Yassine Ejjaki

Personal information
- Date of birth: 15 May 1999 (age 26)
- Place of birth: Cremona, Italy
- Height: 1.72 m (5 ft 8 in)
- Position: Midfielder

Team information
- Current team: Aversa
- Number: 5

Youth career
- 0000–2019: Sampdoria

Senior career*
- Years: Team / Apps / (Gls)
- 2019–2022: Vis Pesaro / 39 / (1)
- 2021–2022: → Reggina (loan) / 4 / (0)
- 2022–2023: Reggina / 0 / (0)
- 2022–2023: → Mantova (loan) / 6 / (0)
- 2023–: Ragusa / 34 / (4)

International career^{‡}
- 2017: Morocco U17 / 4 / (0)
- 2018: Morocco U20 / 2 / (0)

= Yassine Ejjaki =

Footballer (born 1999)

Yassine Ejjaki (ياسين الجاكي; born 15 May 1999) is a footballer who plays for Serie D club Ragusa.
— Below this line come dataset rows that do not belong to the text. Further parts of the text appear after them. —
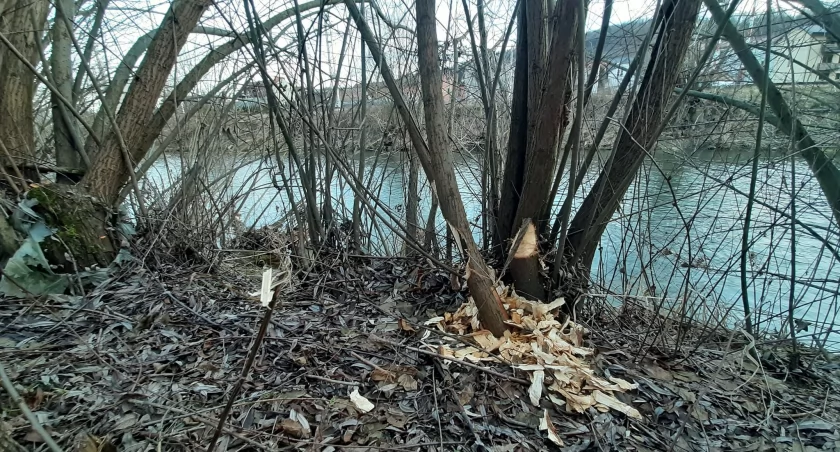 Wszystko dobrze panie bobrze? Stryszawka ma nowego lokatora, a może i lokatorów 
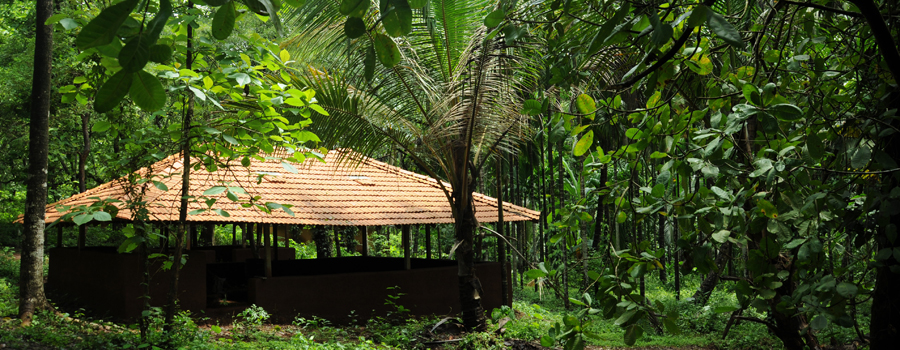 Tanshikar Spice Farm in Goa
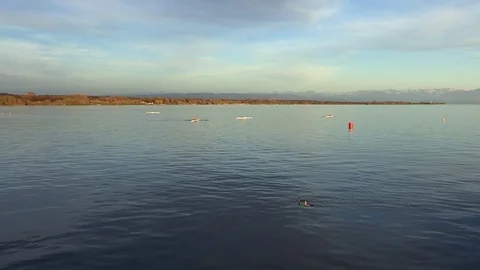 Friedrichshafen am Bodensee, Zeppelinmuseum Stock-Footage 82425089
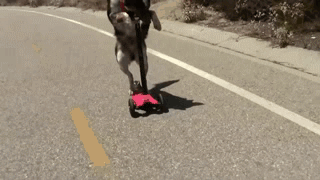 гифки-собака-песочница-самокат-629399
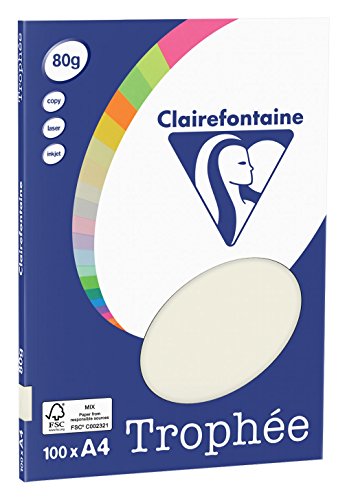 Clairefontaine 4118C - Ries Druckerpapier / Kopierpapier Clairalfa PPP, DIN A4, 80g, 100 Blatt, Grau, 1 Ries von Clairefontaine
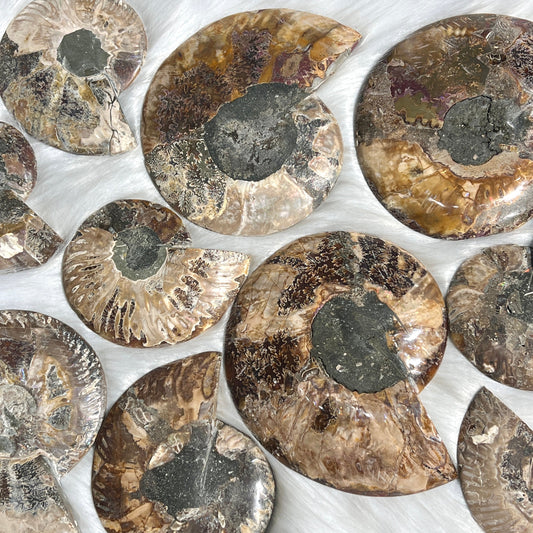 Ammonite Fossil Slices For Sale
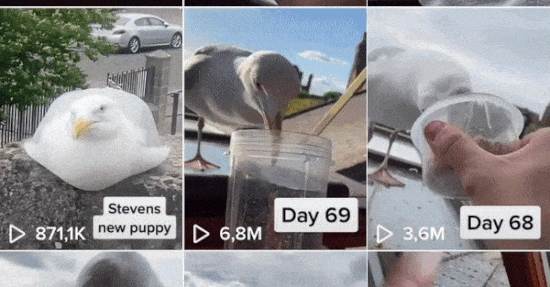 Feeding Steven Youtube Tiktok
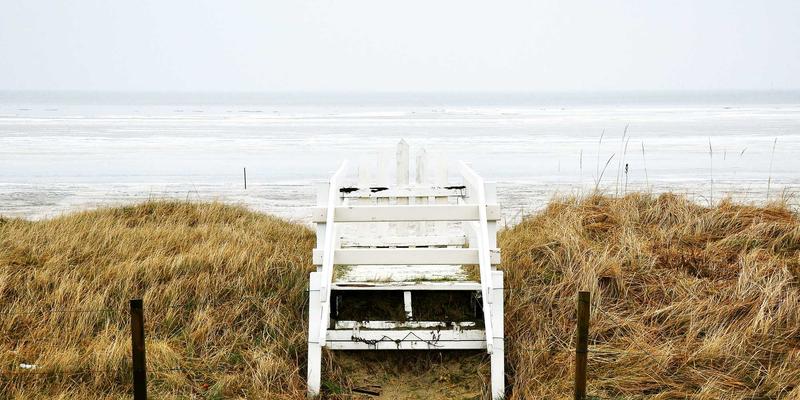 企业培训如何驱动组织进化：广州同方CM的管理咨询实践启示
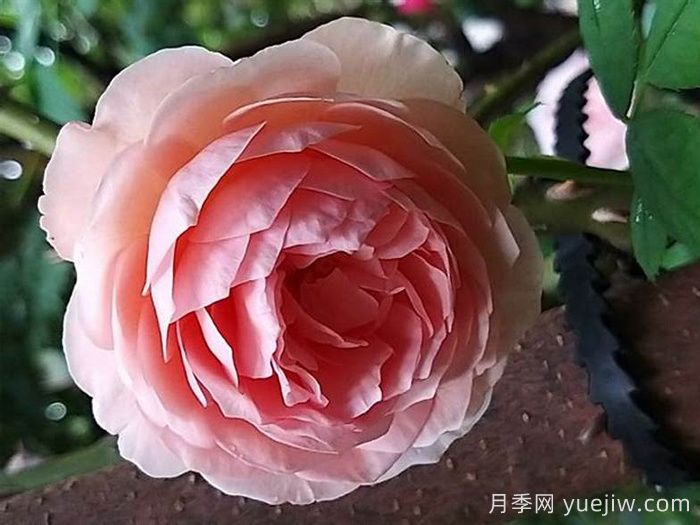 威廉莫里斯月季(图3)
Born in Italy, he represented Morocco internationally on junior level.

==Club career==
On 31 August 2021, Ejjaki joined Reggina in Serie B on loan, with a conditional obligation to buy.

He made his Serie B debut for Reggina on 18 April 2022 in a game against Lecce.

Reggina acquired his rights at the end of the loan. On 1 September 2022, Ejjaki was loaned by Reggina to Mantova.